- [Supplied information]:
───
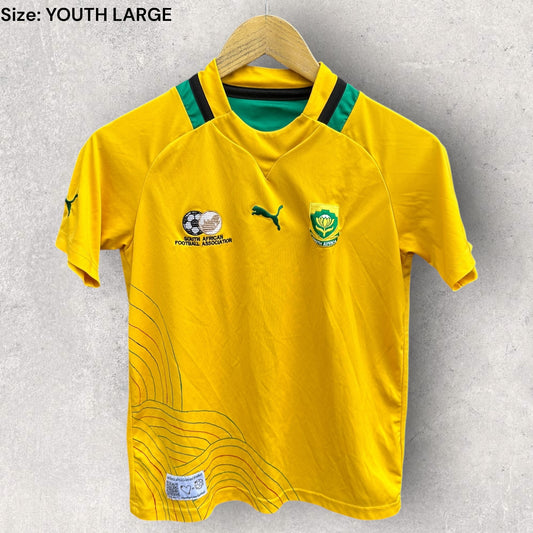 SOUTH AFRICA 2012 HOME PUMA FOOTBALL KIDS JERSEY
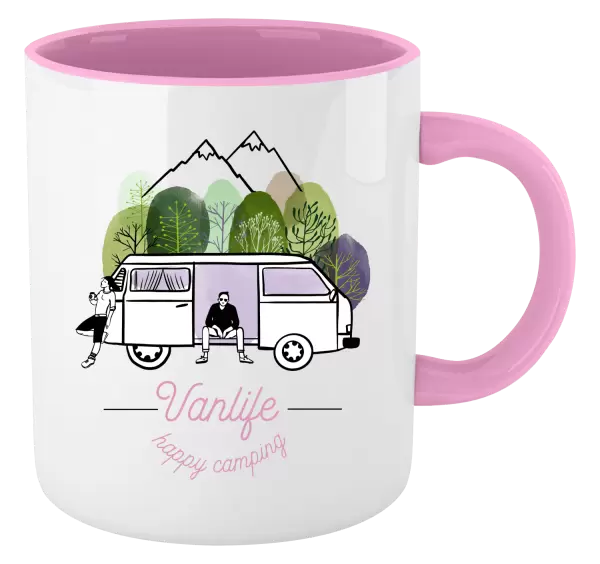 Hrnek Vanlife happy camping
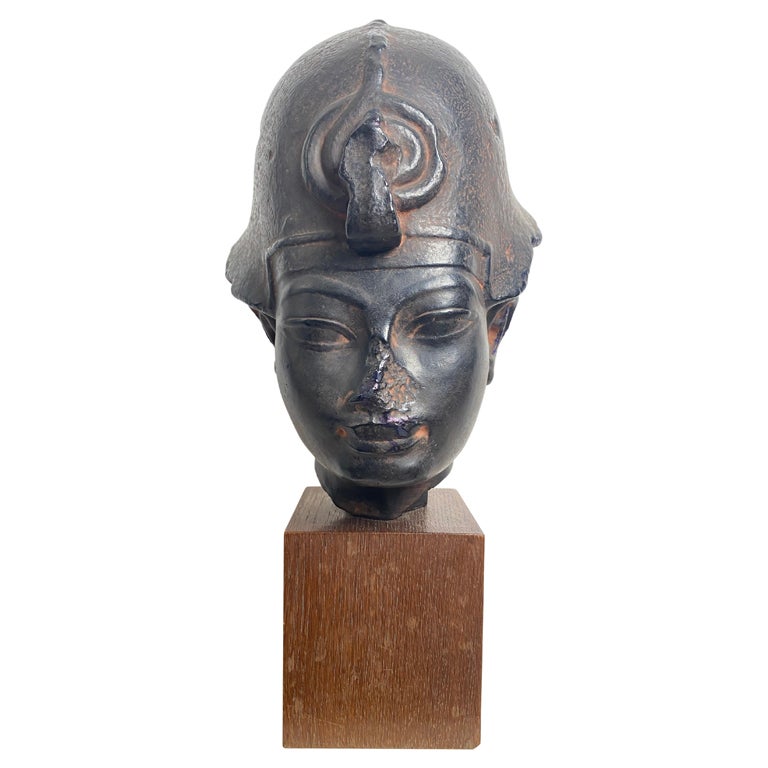 Midcentury Copy Of Antique Egyptian Head of a Farao, France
───
Repeat the listing verbatim, pictures excluded.

- [Result below]:
 SOUTH AFRICA 2012 HOME PUMA FOOTBALL KIDS JERSEY
 Hrnek Vanlife happy camping
 Midcentury Copy Of Antique Egyptian Head of a Farao, France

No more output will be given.